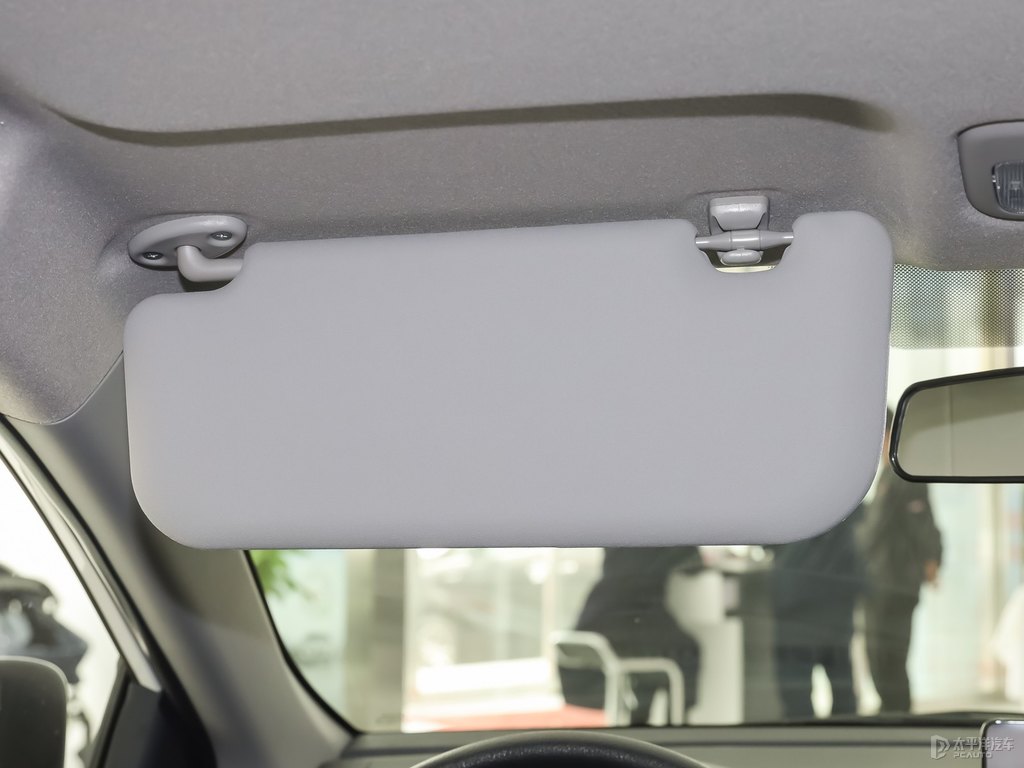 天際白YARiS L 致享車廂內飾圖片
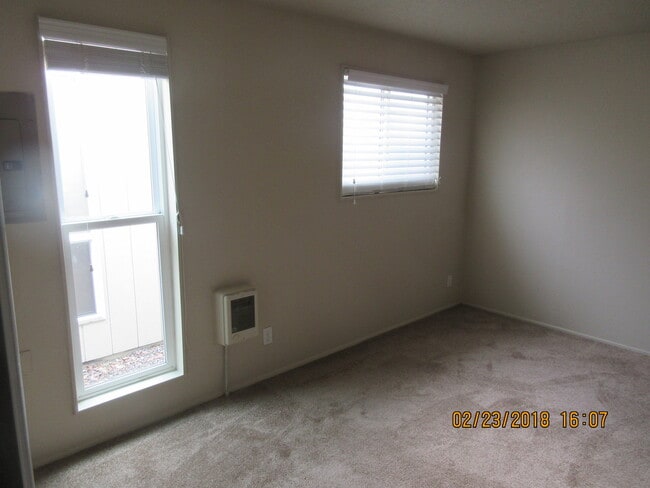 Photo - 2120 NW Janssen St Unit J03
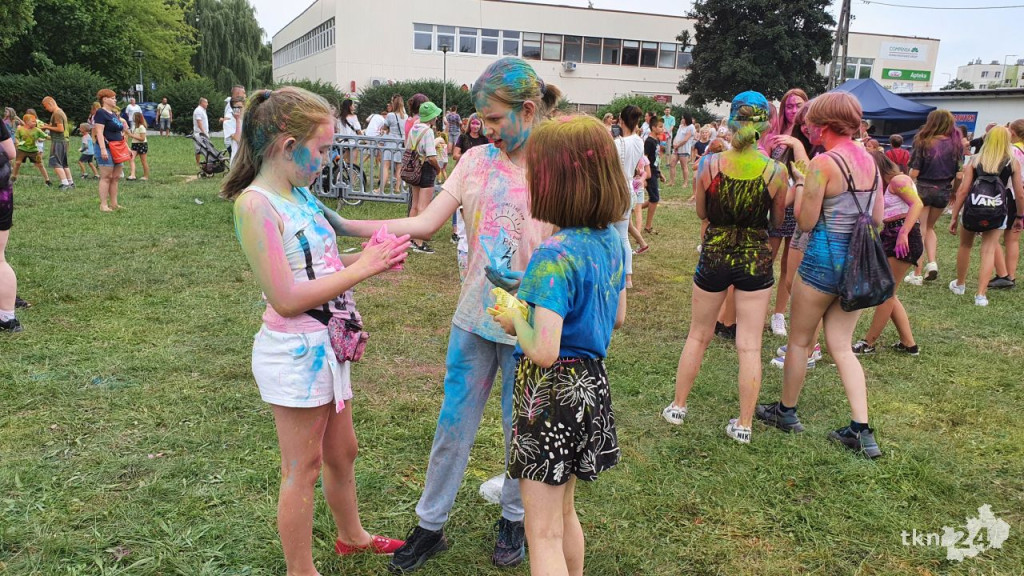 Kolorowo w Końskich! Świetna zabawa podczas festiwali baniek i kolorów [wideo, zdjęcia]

|---|

Skip the pictures. Return exactly the lines from the one containing "Photo - 2120 NW Janssen St Unit J03" through the end of the data above, both included, and nothing besides.

 Photo - 2120 NW Janssen St Unit J03
 Kolorowo w Końskich! Świetna zabawa podczas festiwali baniek i kolorów [wideo, zdjęcia]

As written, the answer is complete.